Doors open at 10 a.m. The 9,000 square-foot museum is located on the corner of Division Street and Suquamish Way.

The new museum is triple the size of the previous museum and features two galleries, a performance space, museum store and outside learning areas.

Inside, the largest gallery houses the new permanent exhibit “Ancient Shores – Changing Tides,” where seven symbolic design elements illustrate an integrated cultural view of the Suquamish Tribe over time.

Included in the exhibit: Objects and artifacts owned by the Suquamish Museum, many never before exhibited, and those on loan from Suquamish families and other museums.

“The exhibit was consciously designed to offer visitors multiple ways of seeing, listening and doing to absorb the history and cultural environment of the Suquamish people,” museum director Janet Smoak said.

The smaller gallery will feature rotating exhibits throughout the year. The first temporary exhibition in the smaller gallery features art by Suquamish Tribe members and will continue through February.

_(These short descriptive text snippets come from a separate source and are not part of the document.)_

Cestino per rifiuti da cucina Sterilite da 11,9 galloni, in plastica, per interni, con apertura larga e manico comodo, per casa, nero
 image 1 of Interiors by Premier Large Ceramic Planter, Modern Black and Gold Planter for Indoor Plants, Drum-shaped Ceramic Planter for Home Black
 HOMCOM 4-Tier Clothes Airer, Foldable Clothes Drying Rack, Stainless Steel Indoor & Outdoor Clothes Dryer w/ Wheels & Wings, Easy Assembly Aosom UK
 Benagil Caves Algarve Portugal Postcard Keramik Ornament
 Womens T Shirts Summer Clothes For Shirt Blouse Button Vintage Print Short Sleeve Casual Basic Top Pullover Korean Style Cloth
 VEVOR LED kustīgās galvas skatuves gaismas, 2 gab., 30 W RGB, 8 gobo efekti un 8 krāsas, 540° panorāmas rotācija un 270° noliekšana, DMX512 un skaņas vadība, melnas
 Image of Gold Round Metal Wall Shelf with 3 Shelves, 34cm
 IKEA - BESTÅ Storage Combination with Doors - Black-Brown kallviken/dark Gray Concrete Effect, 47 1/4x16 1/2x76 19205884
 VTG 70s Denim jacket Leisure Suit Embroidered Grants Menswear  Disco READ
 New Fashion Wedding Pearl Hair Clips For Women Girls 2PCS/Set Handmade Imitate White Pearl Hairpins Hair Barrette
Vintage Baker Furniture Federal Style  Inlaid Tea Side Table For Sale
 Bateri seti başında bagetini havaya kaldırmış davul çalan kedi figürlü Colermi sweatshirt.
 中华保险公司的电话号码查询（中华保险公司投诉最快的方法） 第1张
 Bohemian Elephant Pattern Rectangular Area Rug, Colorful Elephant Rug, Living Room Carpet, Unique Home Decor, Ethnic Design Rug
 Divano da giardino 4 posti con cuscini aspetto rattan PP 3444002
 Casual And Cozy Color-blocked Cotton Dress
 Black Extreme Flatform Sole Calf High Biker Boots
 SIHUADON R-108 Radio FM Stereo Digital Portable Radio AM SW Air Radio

The Suquamish art exhibit, a celebration of knowledge and talent, displays work from nearly 20 Tribe members, including bentwood boxes, carved bone jewelry, cedar baskets, wood carvings, wool regalia and weavings, and two-dimensional and three-dimensional fine art pieces.

Every year, the gallery will feature three to four exhibits on a number of different topics including history, art and science to help visitors explore other aspects of the Suquamish story and how it relates to others around the world.

Public lectures, documentary screenings, demonstrations and activity-based workshops will be featured in the 50-seat auditorium as a regular part of museum programming. Public and private schools and tour groups will also benefit from the space; the auditorium will be used to augment museum learning with hands-on activities and added content presentations.

The museum education program will also expand over the coming months to incorporate learning opportunities at other culturally significant sites on the Port Madison Reservation, including Old Man House Park and the gravesite of Chief Seattle.

An environmental and cultural resource education program, to debut in spring, will use the native habitat design of the museum grounds. Historically, the Suquamish Tribe relied on the bounty found all around them for food, clothing and housing. Outside spaces will be used to offer a glimpse into how those basic parts of family and community life were satisfied using the products of the local environment. Two exterior exhibit sheds will house wood carving and weaving demonstrations.

Carving and weaving helped produce much of the personal and home environmental needs by providing housing, tools, transportation, clothing, storage containers and decorative arts.

The museum will partner with the Tribe’s Department of Natural Resources and Fisheries to offer environmental education in 2013.

In the Leota Anthony Museum Store, manager Virginia Adams has assembled an array of merchandise celebrating Coast Salish design influence, along with Pendleton blankets in-store and available for special order.

The Suquamish Museum will be open year round, seven days a week, 10 a.m. to 5 p.m. Admission is $15 for a family, $5 for adults, $3 for seniors 55 and older, and $3 for children 17 and younger. Children 5 and younger get in for free.

The Suquamish Museum Friends Program is being revitalized in the coming months for those who would like a way to easily participate in programs and events plus enjoy free admission and discounted store merchandise and workshop fees.